To do >> Retype the entries below exactly, dropping the images.

[Saved entries]

________________

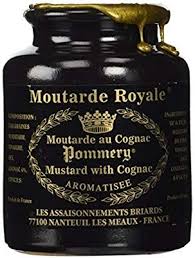 Amazon Com Royal Mustard Pommery Mustard With Cognac In Pottery Crock 8 8 Oz Dijon Mustard Grocery Gourmet Food Cognac Gourmet Recipes Mustard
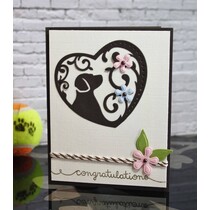 Spellbinders, troquelado y estampado en relieve plantilla Filigranes motivo, y pata de perro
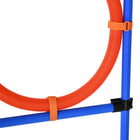 PawHut Dog Pet Agility Training Kit with High Jump, Weave Pole and Ring-Inspires interactive fun 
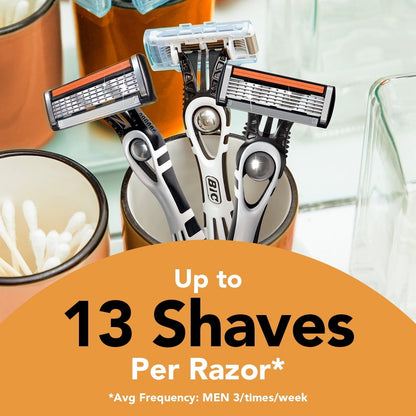 BIC Flex 5 Men's 5-Blade Disposable Manual Razors, 4 Count, Father's Day Gift Idea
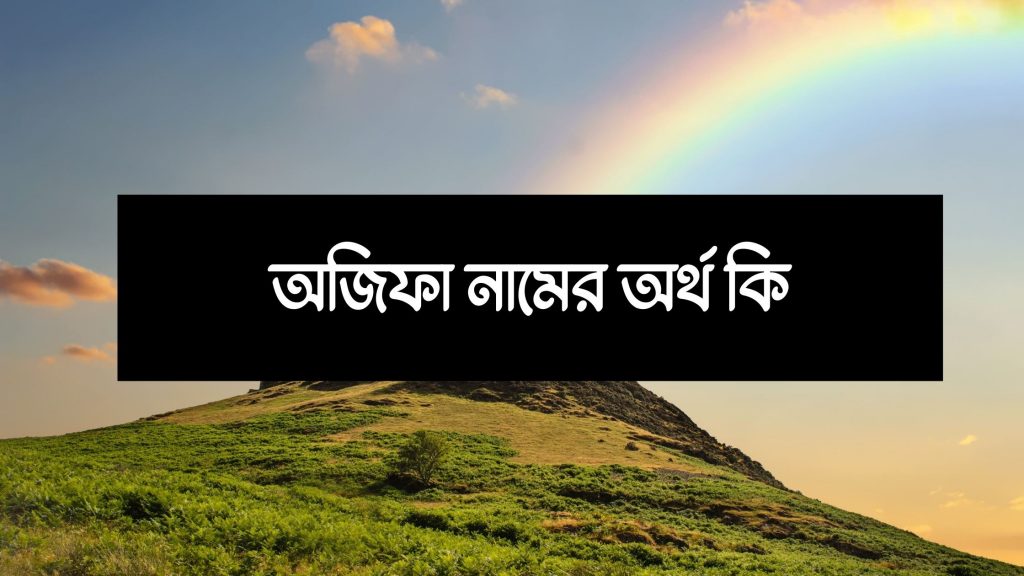 অজিফা নামের অর্থ কি (যা বলা আছে বাংলা একাডেমিতে) - ই বাংলা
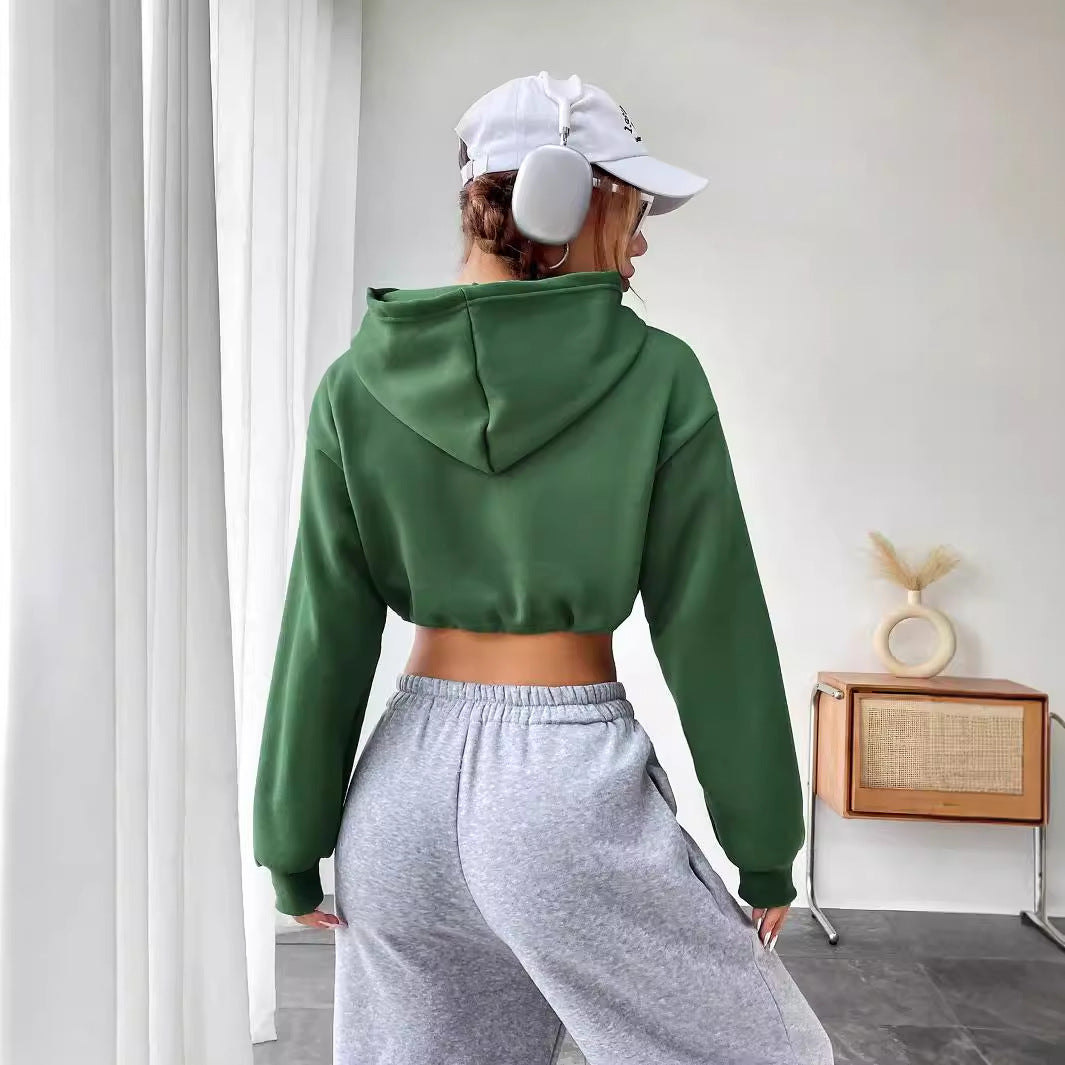 Sweatshirt cropped décontracté pour femmes avec des détails modernes Chic und Stil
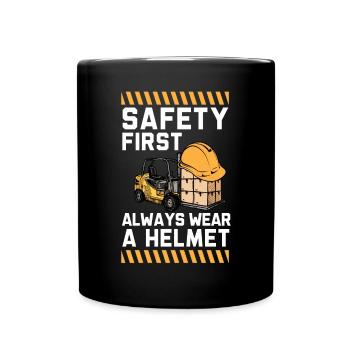 Profession d’opérateur de chariot élévateur - Mug uni - noir - Devant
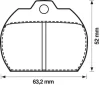 571807B BENDIX Тормозные колодки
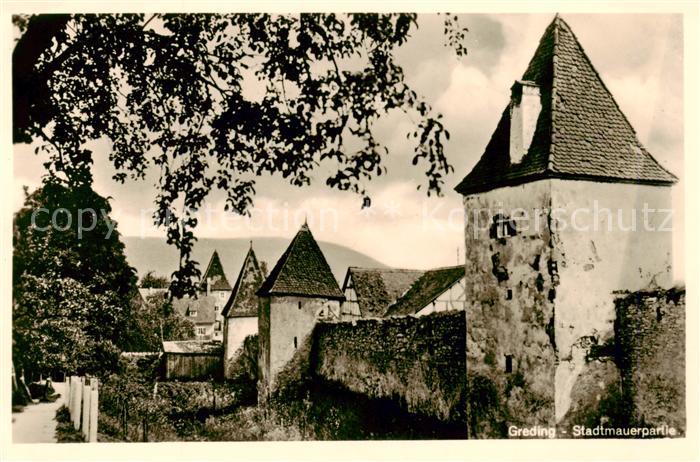 Greding Stadtmauerpartie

________________

Exercise output >>
 Amazon Com Royal Mustard Pommery Mustard With Cognac In Pottery Crock 8 8 Oz Dijon Mustard Grocery Gourmet Food Cognac Gourmet Recipes Mustard
 Spellbinders, troquelado y estampado en relieve plantilla Filigranes motivo, y pata de perro
 PawHut Dog Pet Agility Training Kit with High Jump, Weave Pole and Ring-Inspires interactive fun 
 BIC Flex 5 Men's 5-Blade Disposable Manual Razors, 4 Count, Father's Day Gift Idea
 অজিফা নামের অর্থ কি (যা বলা আছে বাংলা একাডেমিতে) - ই বাংলা
 Sweatshirt cropped décontracté pour femmes avec des détails modernes Chic und Stil
 Profession d’opérateur de chariot élévateur - Mug uni - noir - Devant
 571807B BENDIX Тормозные колодки
 Greding Stadtmauerpartie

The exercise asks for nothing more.